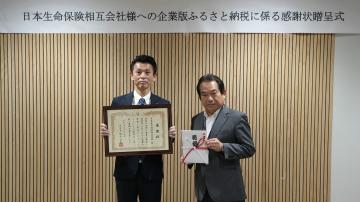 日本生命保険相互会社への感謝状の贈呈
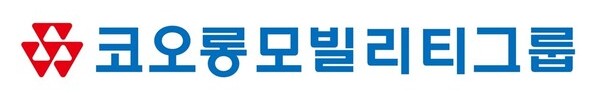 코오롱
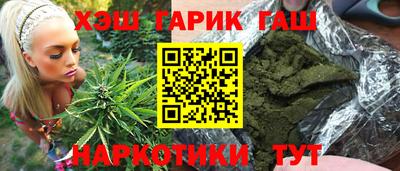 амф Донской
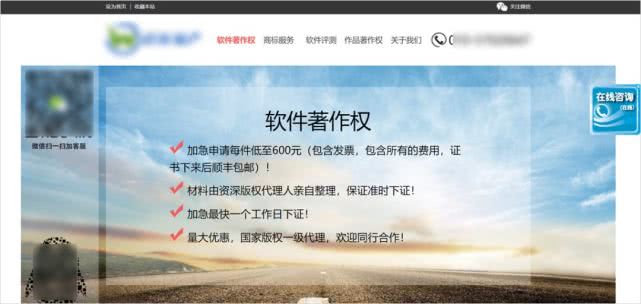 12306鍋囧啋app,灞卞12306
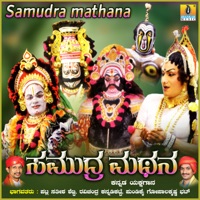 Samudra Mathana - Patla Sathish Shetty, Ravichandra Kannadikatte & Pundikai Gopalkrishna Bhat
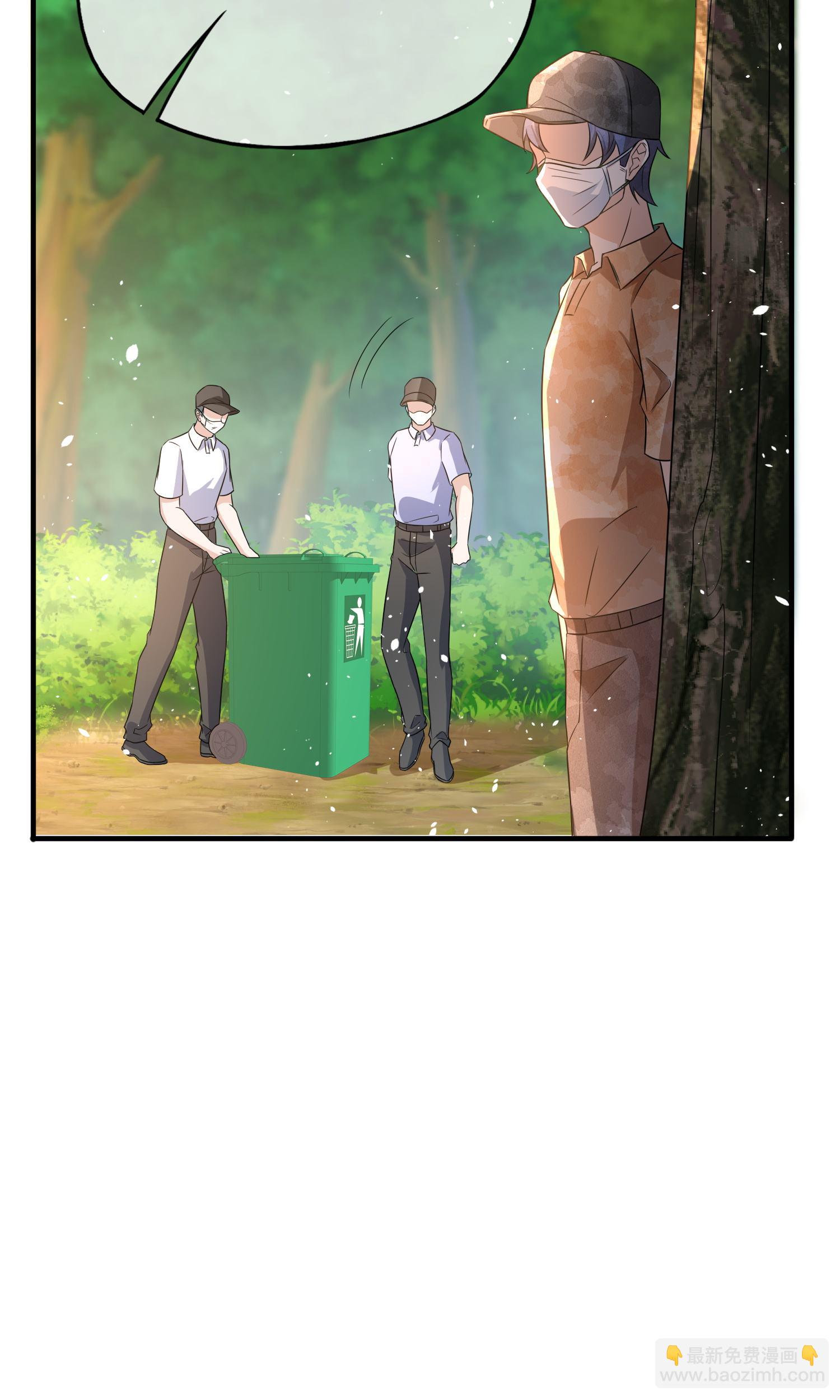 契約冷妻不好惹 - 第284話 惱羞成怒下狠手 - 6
--------------------------------------------------
Activity –
Output all the entries exactly, minus any pictures.

Task answer –
 日本生命保険相互会社への感謝状の贈呈
 코오롱
 амф Донской
 12306鍋囧啋app,灞卞12306
 Samudra Mathana - Patla Sathish Shetty, Ravichandra Kannadikatte & Pundikai Gopalkrishna Bhat
 契約冷妻不好惹 - 第284話 惱羞成怒下狠手 - 6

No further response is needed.